Use the argument that Most collars for cats are made as breakaways incase it gets hung up on something the cat won't be stuck and starve to death.  ALSO, with microchipping technology, there IS NO WAY for a hunter to LEGALLY assure himself that the cat in question IS in FACT a stray.  He would have to 1) own a microchip reader (only a few thousand dollars..but hey if he can afford a gun..), 2) get close enough to the cat to use the reader 3) use it correctly before he could LEGALLY be allowed to hunt it, or he and the state of Wisconsin as well as the DNR will be opening themselves up to all kinds of civil law suites!  ALSO, owners often have their cats tatooed....you can not see these tatoos from a distance, if a hunter kills a cat with a tattoo, he has destroyed private property and can and should be held liable not only for the property, but for emotional damage to the owner as well. 
 
Most cats are not stranger friendly, so the whole clause of identifying a stray as a "cat who does not show friendly tendancies" is bunk.  Lastly, I don't know a single cat owner (even the most careful among us who never "permit" their cats to go outside, whose cat (esp. a new pet) hasn't streaked out the door on one occasion or the other.  
 
Animals classified as pets SHOULD NEVER BE HUNTED, even if they are unclaimed....because you can never be certain if it is actually a stray or an accidental roamer.  There are too many emotions involved, and too many circumstances where those emotions can get out of hand and escalate to violence against people.  Lets face it...how many pet owners do you know that are capable of physical harm to another human being, if they witnessed, or suspected that human of harming their pet?
 
(I personally am a pacifist, all 120lbs of me....but bolted from my car in a bad neighborhood one morning, picked up a two by four laying in the street from a building being demolished and chased a 6'4" 250 + lb male for three and a half blocks through drug gang territory because I saw him beating & kicking a dog chained to a fence.....and it wasn't even my dog...My point being...it was lucky for BOTH of us that he was faster than me, because after the 2nd block...a little voice in my head said "and WHAT will you do if you catch him?"  Well I KNEW exactly what I would have done....and had I done it...who would have taken care of that dog?  If it had been MY animal....there is no way in the world he would have outrun me.) 
 
T

BONNIE J KALMBACH <[EMAIL PROTECTED]> wrote:

The bad news is that the advisory vote on the resolution to make cats
an unprotected species won, but the good news is that head of the DNR
says there will be no cat hunt.

The question was passed in a statewide advisory vote by those who
attended the annua; Conservation Congress meetings held in each
county.
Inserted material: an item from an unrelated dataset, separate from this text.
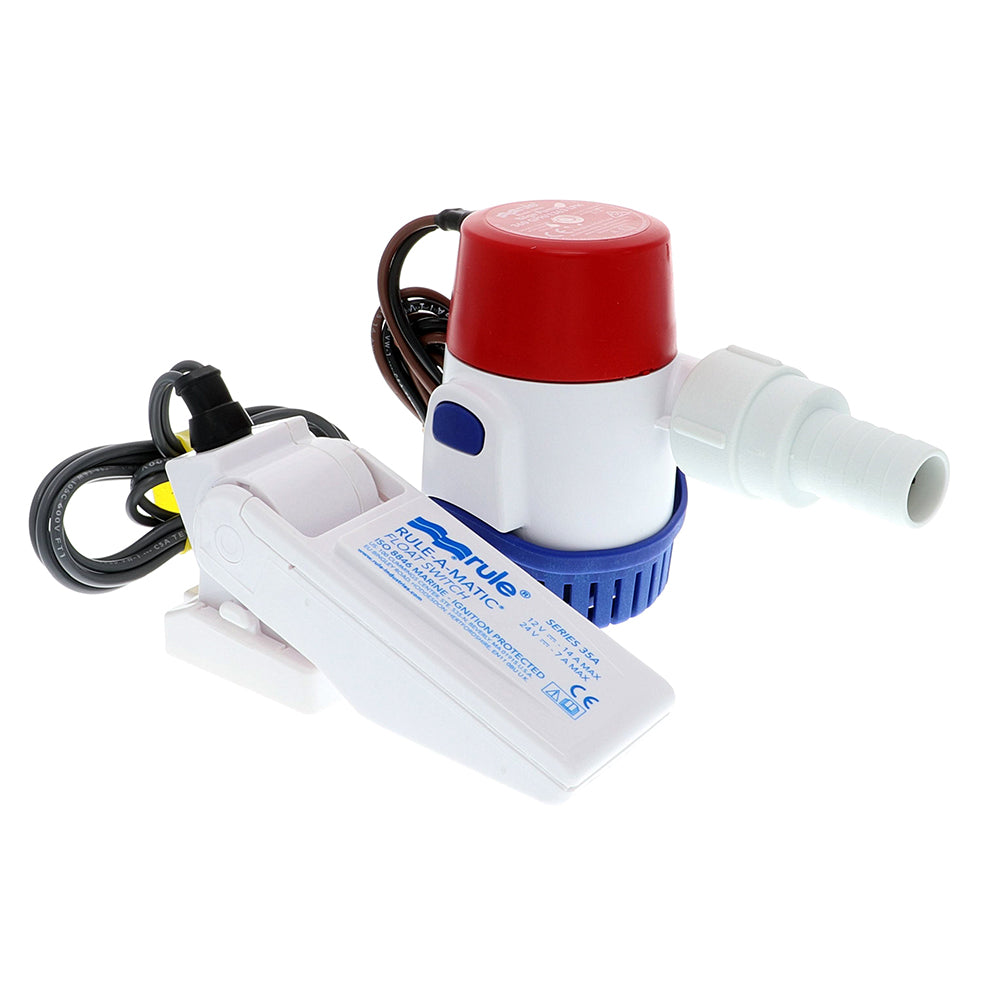 Rule 360 GPH Standard Bilge Pump Kit w/Float Switch - 12V [24DA-35A]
The vote was 6,830 in favor and 5,201 opposed to the idea. The
results of this vote go to the Natural Resources Board which then
recommends changing any laws to the state legislature - but as Scott
Hassett, the DNR secretary is adamantly opposed to a cat hunt, this is
probably the end of the matter for now.

The DNR knows that allowing cats to be hunted would cause a lot of
legal problems (e.g. people often can't tell if a cat is a true feral
or a stray or a just a barn cat wandering around) that many farmers
would close their land to hunters, that tourism would be affected, and
with the DNR budget having been slashed, like those of so many state
agencies these days, they just want to avoid all the problems and
headaches that would ensue.

A lot of people are hoping this is a wake-up call to those who let
their cats run free and don't spay or neuter.